Veíamos cómo levantábamos un rubor de incomodidad en las reuniones burguesas, quizá porque Dios nos llamó por el discreto encanto de la rebeldía. Más tarde, con la novela sobre mi rubia burguesita ya publicada, yo habría de encontrarme en Marsé después de esa primera lectura de Últimas tardes con Teresa que me descubrió el Mediterráneo.
Después del golpe de Estado yo quise ir a reconocerme en aquella Barcelona que conocía sin lecturas. Dormí con pulgas en una pensión del Paseo de Gracia y sólo quise ir al Carmelo. Y el Carmelo no decepcionaba sino que era tal y como lo contaba Marsé. Por el Carmelo hay palmeras secuestradas, un ascensor panorámico desde el que se ve Mallorca en los días claros y un revoltijo de cuestas asfxiantes.
Se habla andaluz, "esa ensalada de acentos picantes del sur". Los murcianos que tanto fascinaban a Teresa Serrat tienen las venas de las narices inflamadas, beben anís y quizá ni se enteraran del 1-O. Ellos son pueblo, y mientras beben frente al televisor se guardan sus pareceres sobre Rufián, que quizá les salió rana.
El Carmelo fue Marsé, y Marsé fue El Carmelo. Ahora apenas le recuerdan más allá de la biblioteca del barrio. En el Bar Pepito, en Gran Vista, sirven pintaillos que quizá se bebiera el Cardenal y en el Bar Delicias, donde los viejos jugaban al julepe, se ven las cúpulas de los palacetes mínimos "de los falsos pavos reales" que empezaron a poblar esa Barcelona de las alturas, ahora descascarillada y quizá ya muerta para siempre. Abandonada por esa oficialidad perversa que va de Colau a los que abandonaron Lledoners.
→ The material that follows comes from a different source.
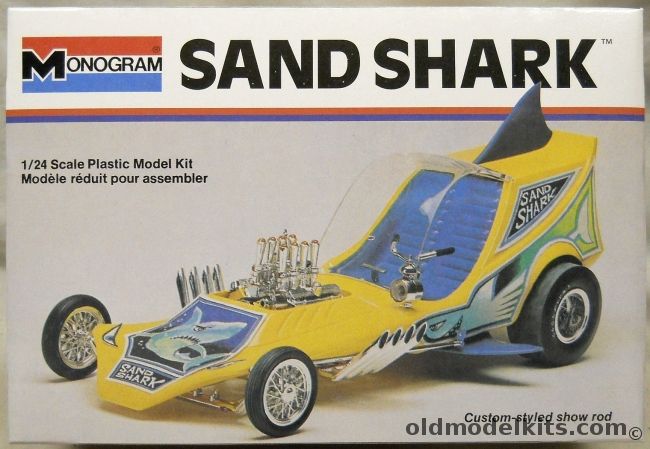 Monogram 1/24 Sand Shark, 2507 plastic model kit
Lo mejor de Marsé es el espíritu de barrio, la reflexión de los perdedores en un territorio muy definido. La Barcelona de Marsé aún existe, y que exista desmonta todo calostro nacionalista. Marsé era parco y lacónico: vio mucho y a la burguesía les sacó las vergüenzas.
Viajar al fondo de Marsé es necesario. Al menos una vez cada verano. Después de Últimas tardes con Teresa comprendimos la verdadera esencia de Cataluña. La que no quieren que comprendamos.